Consequently, the EU action in February to raise export restitutions by 75 euro/ton (approximately $80/ton) to 900 euro/ton was surprising and served primarily to reduce world prices of NDM rather than give the EU any competitive advantage. In essence, prices rather than stabilizing at around $1,300/ton settled at around $1,200/ton FOB - equivalent to the intervention support price. It appears that the EU, reacting to the slow pace of pre-fixation contracts, feared substantial stock accumulation during the period when intervention buying is open (March-August).

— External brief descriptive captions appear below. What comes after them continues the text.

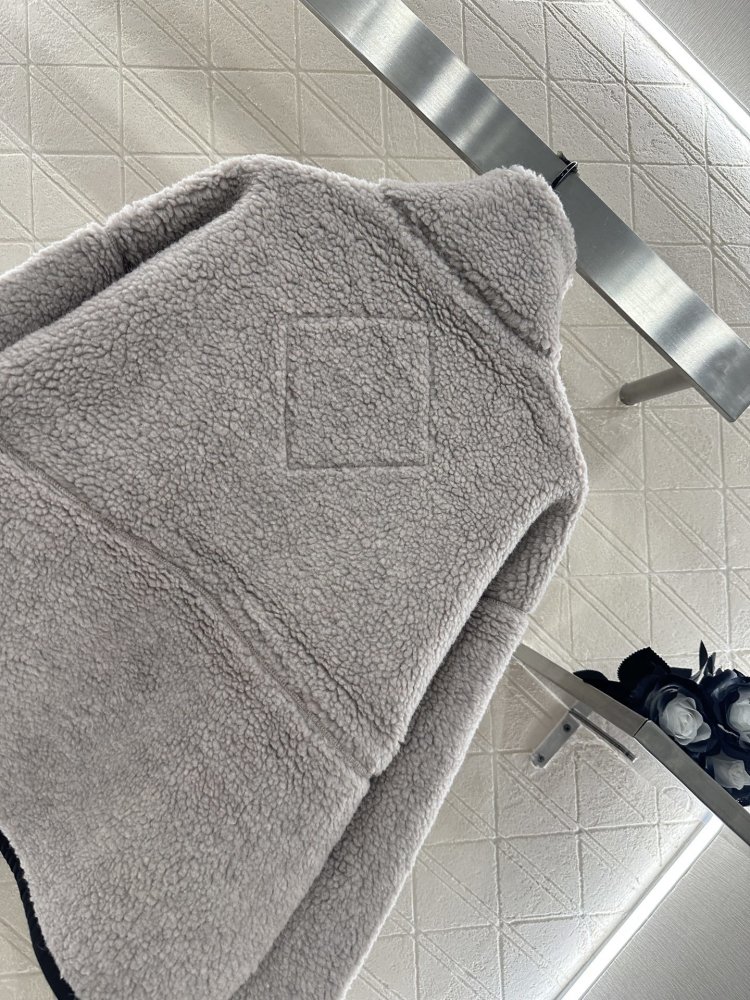 Куртка меховая женская фото 4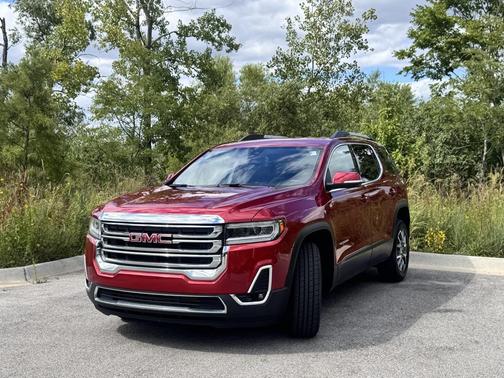 2023 GMC Acadia FWD SLT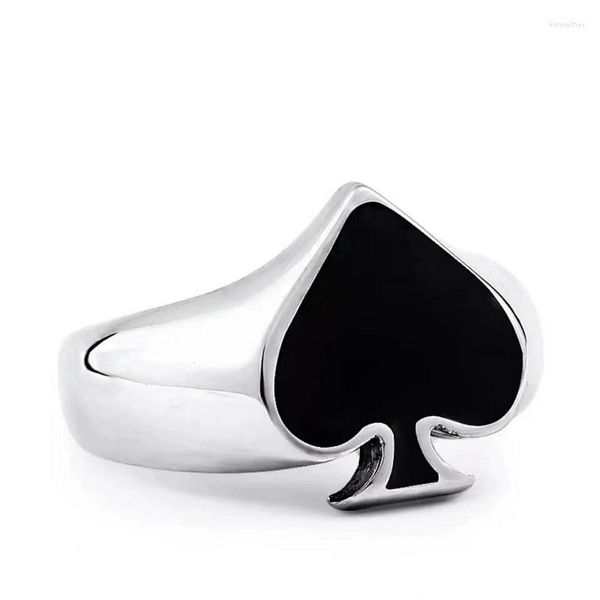 Anéis de cluster moda preto coração forma unisex cartão anel personalidade jogo padrão espadas liga jóias acessórios de festa presentes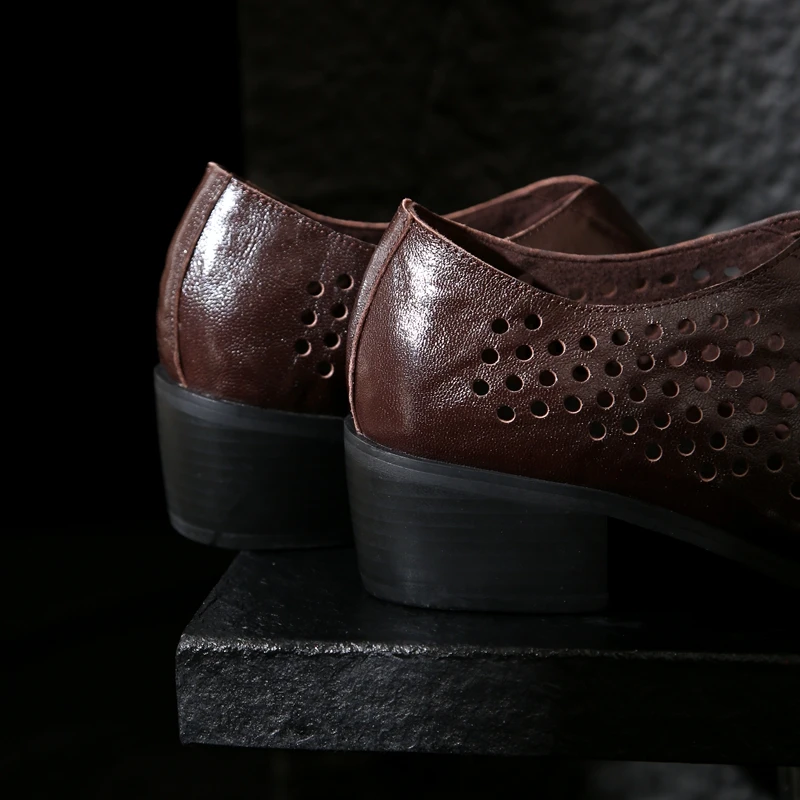 Women's New Spring and Autumn Vintage Genuine Leather Cowhide Pointed Hollow Hole Comfortable Middle Heel Muller Single Shoes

Since intervention purchases are up only modestly for the March-early July period, (78,574 tons compared to 75,619 in 1998); it now seems unlikely that the EU will reach the annual limit of 106,000 tons by the end of August. However, total intervention stocks currently near 250,000 tons, are substantial and are at their highest level since May 1992.
End-of-July prices of NDM have firmed by some $30/ton-$50/ton with export prices now ranging from $1,225/ton-$1,260/ton. To a large extent, this is due to the sharp turnaround in the value of the dollar which had been expected to reach parity with the euro. In addition, there appears to have been some pent-up demand as buyers anticipating lower prices held-off purchases and then started buying en masse for near term deliveries. In fact, in the first two weeks of the new DEIP year, close to 15,000 tons of NDM were sold. Further, compounding the problem for purchasers was a ban imposed by a number of countries on the importation of certain EU dairy products as a result of contamination of animal feed with dioxin in Europe, principally Belgium.
Despite this recent upswing in prices it remains questionable whether this will translate into a long-term trend or simply reflects a price spike. In the EU, internal and export demand particularly from such countries as India (which reportedly purchased 10,000-15,000 tons) has been sufficiently strong to cause some firming of internal prices. In the next 2 or 3 months, demand is likely to remain fairly strong as key buyers such as Mexico and Algeria are expected to purchase 40,000-50,000 tons for the last half of the year.
On the supply side, the EU has substantial stocks although the amounts available as fresh NDM are limited. The United States. is also accumulating stocks, however, WTO export subsidy restrictions limit the export availability of these stocks. In the first three weeks of July U.S. sales under the DEIP accounted for 15 percent of the annual (July/June) allocation of around 101,000 tons (including the rollover quantities). Oceania production from their 1999/2000 season will become increasingly in August and that should keep the market well supplied and prices at competitive levels normal production patterns prevail.
WHOLE MILK POWDER (WMP):
After a fairly stable period in 1998, export prices of WMP have plunged by nearly 20 percent since January 1999, underscoring the fragility of the market. A sharp drop was registered in early February, when the EU increased restitutions dropping prices by $65/ton in an attempt to boost the pace of sales. The main motivating factor was that EU subsidized exports under the "other milk products" products category (which includes primarily, WMP and condensed milk) stood at 57 percent of the total WTO limit of 1.049 million tons. In contrast, at the same time last year the figure was 71 percent.
Prices are currently trading in the $1,350-$1,400/ton FOB range with Irish powder being the most competitive. In view of the approaching production season in Oceania and the expectation that milk supplies will be higher than last year it seems likely that there will be substantial supplies of WMP weighing on world markets.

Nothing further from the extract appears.